What are the consequences if I am not paying my employees correctly?

November, 2014

By Clayton Payne

The Fair Work Act contains minimum employment terms and conditions, known as the National Employment Standards (NES). It also establishes a framework for the implementation and operation of industrial instruments such as Modern Awards and Enterprise Agreements, which can also underpin minimum employee entitlements.

What happens if an employer fails to recognise these minimum terms and conditions? What sort of recourse can an employee have, and what might be the ultimate cost to not only an employer company, but its directors?

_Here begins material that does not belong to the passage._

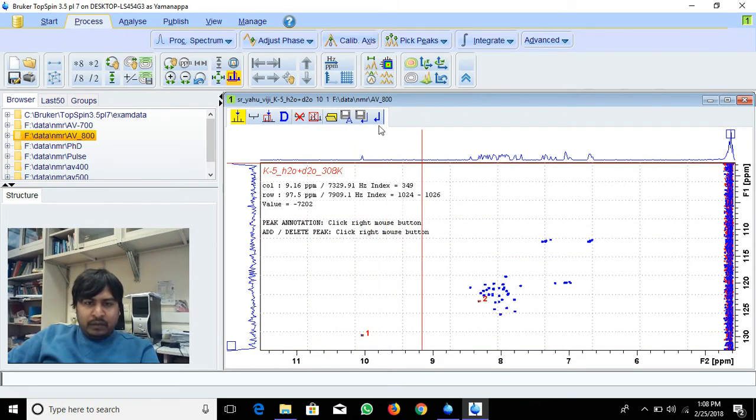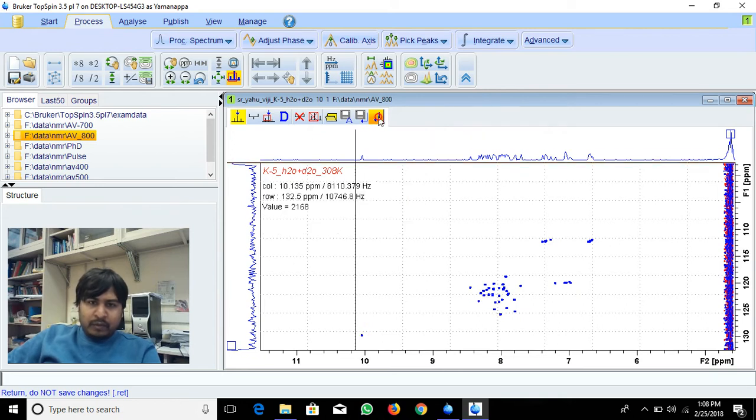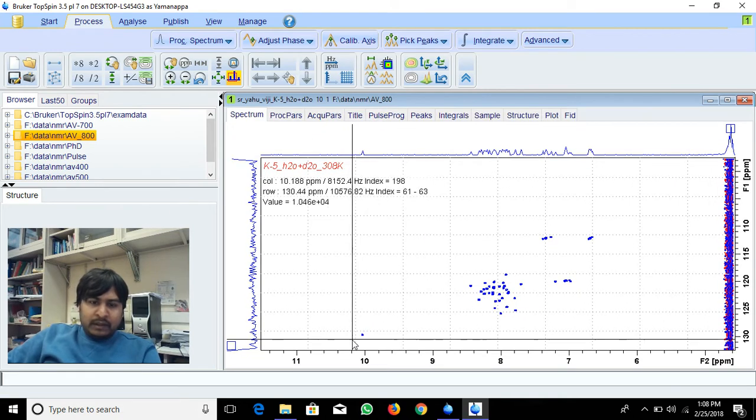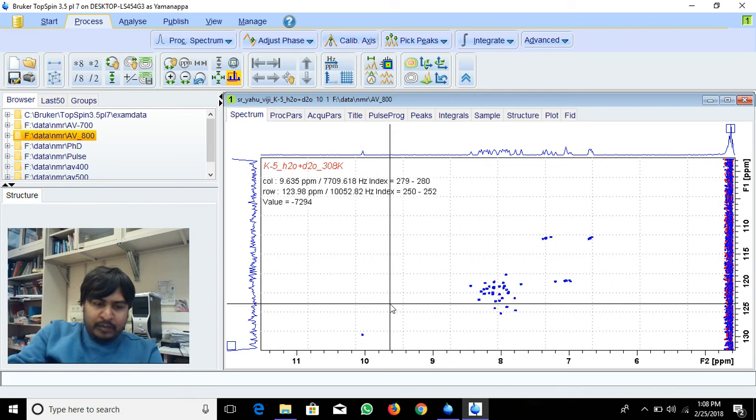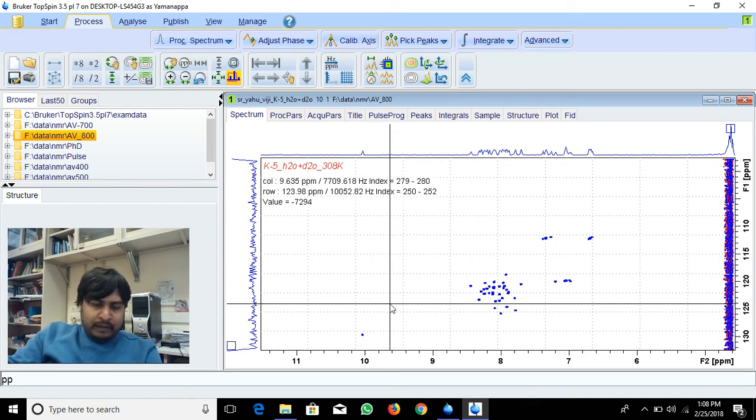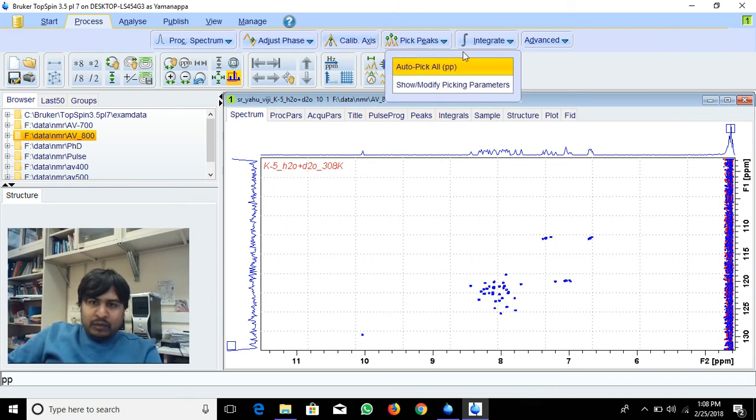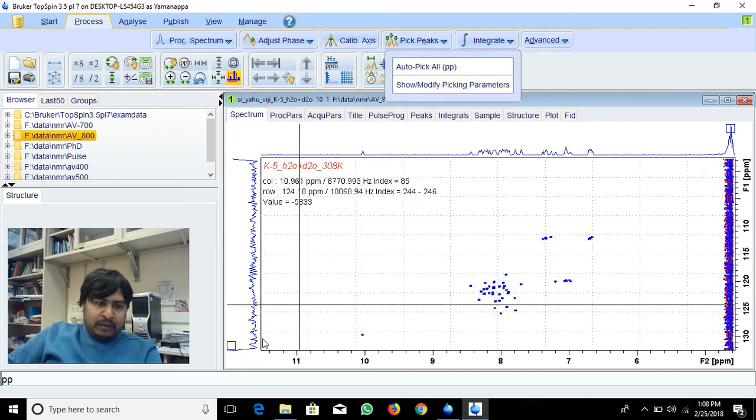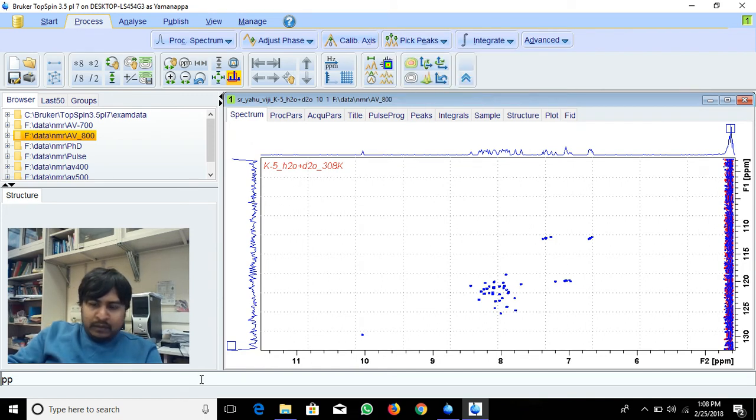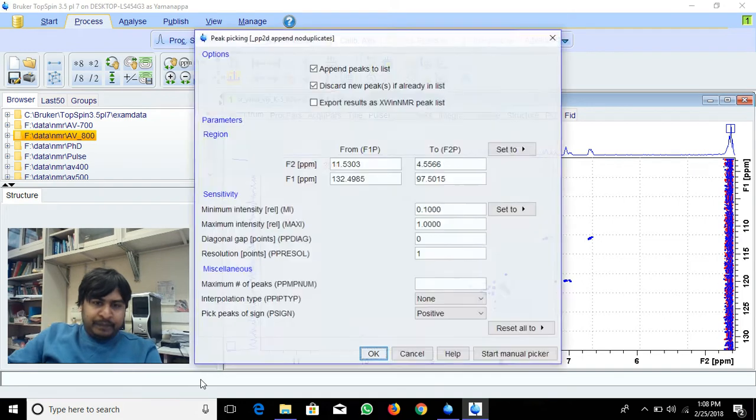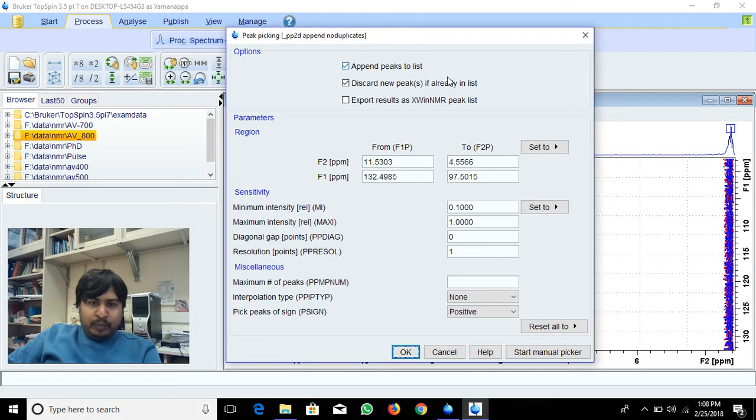This is how you can do manual peak picking in 2-dimensional NMR. Another option is to give a PP command, or you can do peak picking in 2D or auto-pick all. You can click that, or type PP and it will open a new page.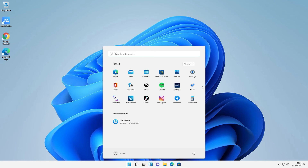So guys, this is the simplest way to create an administrator account or admin user in Windows 11. Thank you for watching this video — don't forget to like, share, comment, and subscribe to the channel. Thank you guys.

In Scotto v. Scala Bros Limited and Another, an employee of a delicatessen/café claimed more than $1.5 million in unpaid wages, allowances and entitlements and superannuation guarantee contributions. The Applicant also alleged that a director of the employer company was liable as an accessory for the employer’s conduct, and as such was liable to compensate him for the underpayments, as well as various pecuniary penalties. Over the course of his employment, the Applicant also claimed that he was not provided with pay slips.

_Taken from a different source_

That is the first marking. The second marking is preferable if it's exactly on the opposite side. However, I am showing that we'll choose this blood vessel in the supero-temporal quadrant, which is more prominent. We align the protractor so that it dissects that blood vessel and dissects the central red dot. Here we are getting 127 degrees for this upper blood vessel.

The Applicant worked in a family run business and claimed that the original owner of the employer company paid him cash in the hand, referring to it as “pocket money” and then recorded the balance in a book referred to as the “Red Book”.

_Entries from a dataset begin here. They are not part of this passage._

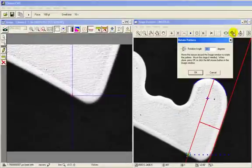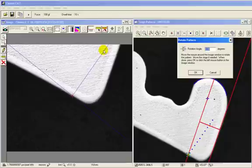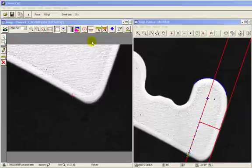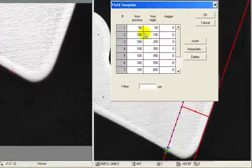After this is done, you can rotate the pattern into the correct orientation. It is still possible to modify the indent spacing to custom values prior to running the test.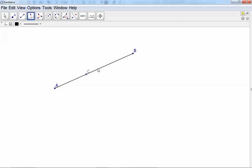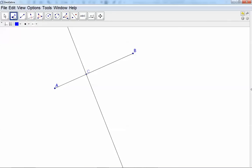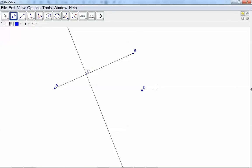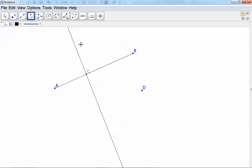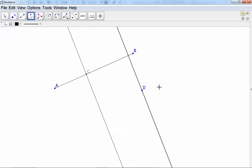You can also create another point not on the line, then again select the line and select the point, and GeoGebra will construct a perpendicular line.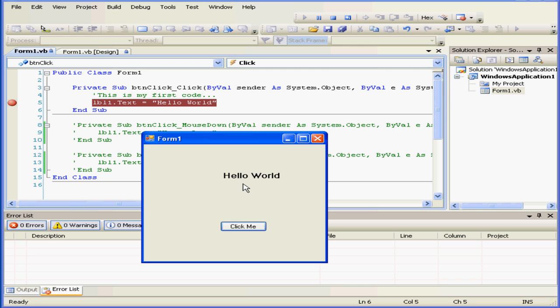Here's our form with the label displaying the words Hello World. This is a very simple example. Later in this course, we're going to talk more about debugging applications. And this concludes our tutorial about how to set a breakpoint.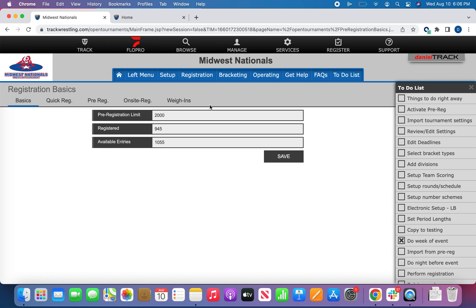Hello and welcome to this Track Wrestling help video. Here at Track Wrestling we're committed to helping our tournament directors run great events. One of the features of running a tournament on Track Wrestling is the ability to pull team or individual statistics reports for competition within your tournament. In this video we're going to take a look at how to do that.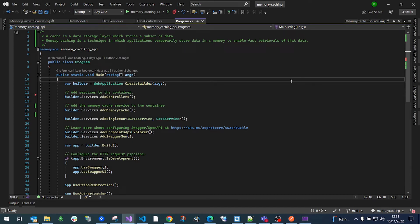Welcome to Straight to Coding. Today we are going to talk about memory cache in .NET Core. Cache is a data storage layer which stores a subset of data, and memory caching is a technique in which applications temporarily store data in memory to enable fast retrieval of that data.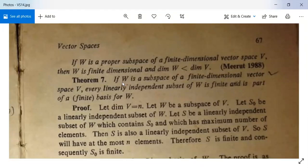We come to Theorem 7: if W is a subspace of a finite dimensional vector space V, then every linearly independent subset of W is finite and is part of a basis for W.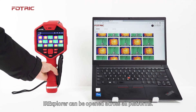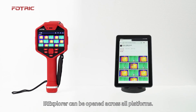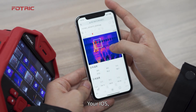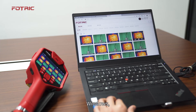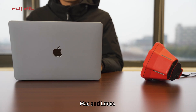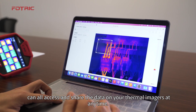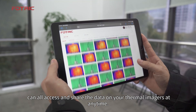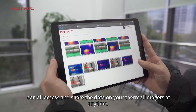IR Explorer can be opened across all platforms. Your iOS, Android, Windows, Mac, and Linux can all access and share the data on your thermal images at any time.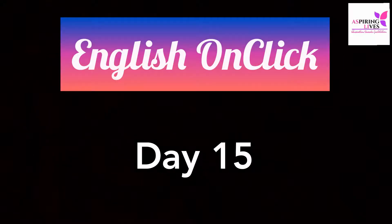Hello friends, welcome back to English on Click. Let us start with our first component, that is one word substitution.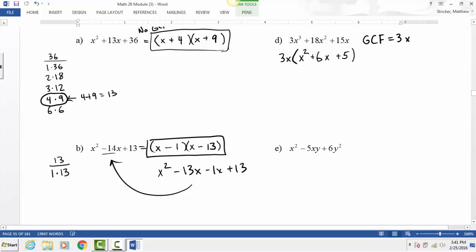Notice how this started as x³ + 6x² + 5x — not the form x² + bx + c — but once we pull out the GCF of 3x, we're back to that nice form. Pulling out the GCF first always makes factoring simpler.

In time, the owner of the business passed away and his daughter, the Second Respondent, took over its operation.

Although limitation periods precluded the Applicant from recovering the full amount claimed, Judge Cameron of the Federal Circuit Court found that the Applicant was entitled to substantial compensation representing unpaid wages and entitlements, and found that it and the Second Respondent, had contravened various workplace relations laws, in relation to which penalties are yet to be ordered.

Conclusion

This case demonstrates that not only can an employer company be held liable for the non-payment of wages and entitlements, but that company directors can also be held individually liable.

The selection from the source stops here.